[LLVMdev] Bug 16257 - fmul of undef ConstantExpr not folded to undef
Oleg Ranevskyy
llvm.mail.list at gmail.com
Wed Aug 27 09:17:00 PDT 2014
Duncan,
> Hi Oleg,
>
>> >> /This is either a mistake, or a decision that in LLVM IR snans
>> are always
>> considered to be signalling. /
>> Yes, this seems to be an agreement to treat "undef" as a SNaN for
>> "fdiv".
>
> "undef" is whatever bit pattern you want it to be, i.e. the compiler
> can assume it is any convenient value. For one fdiv optimization
> maybe it is convenient to choose it to be the bit pattern of an snan,
> for some other fdiv optimization the compiler can choose it to be 1.0
> if that is convenient.
>
>> The question is whether we can make the same assumption for other
>> floating point
>> operations, or "fdiv" needs a correction to prevent folding since
>> signalling of
>> SNaNs might be disabled.
>
> You can assume that undef is an snan if you want in any floating point
> operation. But what does that assumption buy you? If you are willing
> to assume that the processor will trap on snans then it buys you a lot
> for any floating point operation, but if you are not willing to assume
> that then you need to find some other trick or give up on folding the
> operation to undef.
This is confusing me a bit.
On the one hand, we can assume undef to be an SNaN for the sake of
folding. InstructionSimplify makes such an assumption and folds "fdiv
undef, %X" and "fdiv %X, undef" to undef.

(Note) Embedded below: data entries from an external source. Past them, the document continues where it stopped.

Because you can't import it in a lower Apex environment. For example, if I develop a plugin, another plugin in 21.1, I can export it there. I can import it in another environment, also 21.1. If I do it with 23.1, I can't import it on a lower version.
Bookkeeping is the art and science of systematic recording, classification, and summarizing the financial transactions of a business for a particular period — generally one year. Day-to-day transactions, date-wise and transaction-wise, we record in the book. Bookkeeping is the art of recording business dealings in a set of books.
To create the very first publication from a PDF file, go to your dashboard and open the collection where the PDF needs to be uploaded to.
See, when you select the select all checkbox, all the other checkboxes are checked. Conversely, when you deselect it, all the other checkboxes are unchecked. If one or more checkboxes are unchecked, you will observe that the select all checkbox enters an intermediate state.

On the other hand, there are the requests to fold "fmul undef, undef" /
"fadd undef, undef" to undef as well. However, it was stated that such
folding is questionable as signalling of SNaNs can potentially be disabled.

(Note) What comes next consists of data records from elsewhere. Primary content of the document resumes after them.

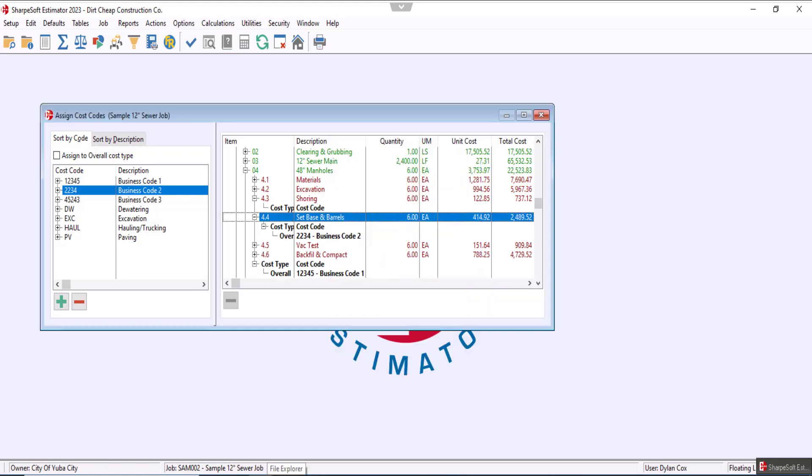You can do that, and that should do it for this video. Join us next time as we go over the other way to use cost codes.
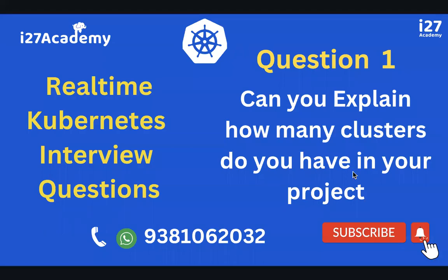Hi everyone, my name is Shiva. Welcome to i27 Academy. These are a new series of videos that we are majorly focusing upon: how we can clear interview questions from a Kubernetes perspective. This is the first video where I want to start the series with a question.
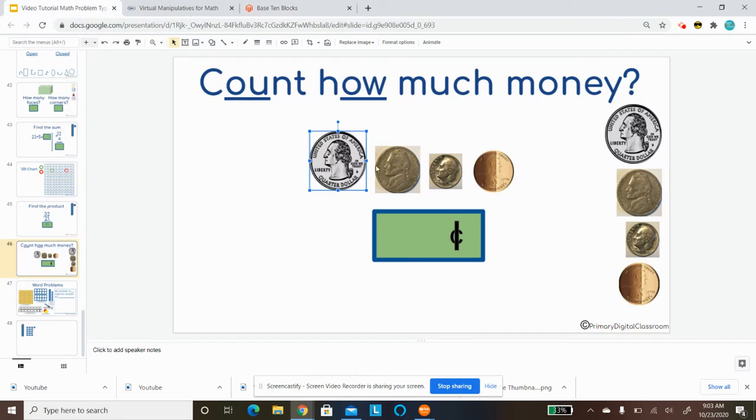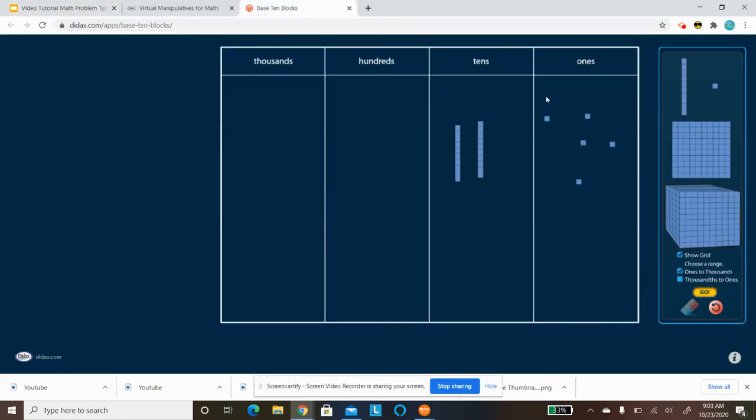Then I have a nickel, which is worth 5 cents. 1, 2, 3, 4, 5.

Shouldn't fdiv / fmul / fadd be consistent as regards the assumptions
they make?
Could you please advise how we should proceed with the bugs 16257 and
16258 then?
>
>>
>> >> /InstructionSimplify folds "mul %X, undef" to 0 always/
>> Sorry, I malformed this line and forgot to highlight that by "%X" I
>> meant a
>> constant here. So, constant folding comes into play. The result
>> depends on the
>> constant parity. E.g.:
>> mul i64 5, undef --> undef
>> mul i64 4, undef --> 0
>> I still have difficulty understanding why the first one is folded to
>> "undef".
>> "Undef" could be zero, so the result is also zero. Besides, if
>> "undef" isn't
>> zero, it's impossible to get an arbitrary bit pattern anyway. The
>> result will
>> always be divisible by 5.
>
> No, that's not true, because we are dealing with arithmetic modulo
> 2^64 here. Since 5 and 2^64 are relatively prime, you can prove that
> given any i64 value R, there exists an i64 value X such that mul i64
> 5, X is equal to R. Here's an example using i3 arithmetic (possible
> values: 0, ..., 7).
> mul i3 5, 0 -> 0
> mul i3 5, 5 -> 1 (because 5 * 5 is 25; reduced modulo 8 that gives 1)
> mul i3 5, 2 -> 2
> mul i3 5, 7 -> 3
> mul i3 5, 4 -> 4
> mul i3 5, 1 -> 5
> mul i3 5, 6 -> 6
> mul i3 5, 3 -> 7
> So you see that every possible i3 output is achievable. Thus it is
> correct to fold "mul i3 5, undef" to undef. The same goes for any
> other number that is relatively prime to 2, i.e. is an odd number.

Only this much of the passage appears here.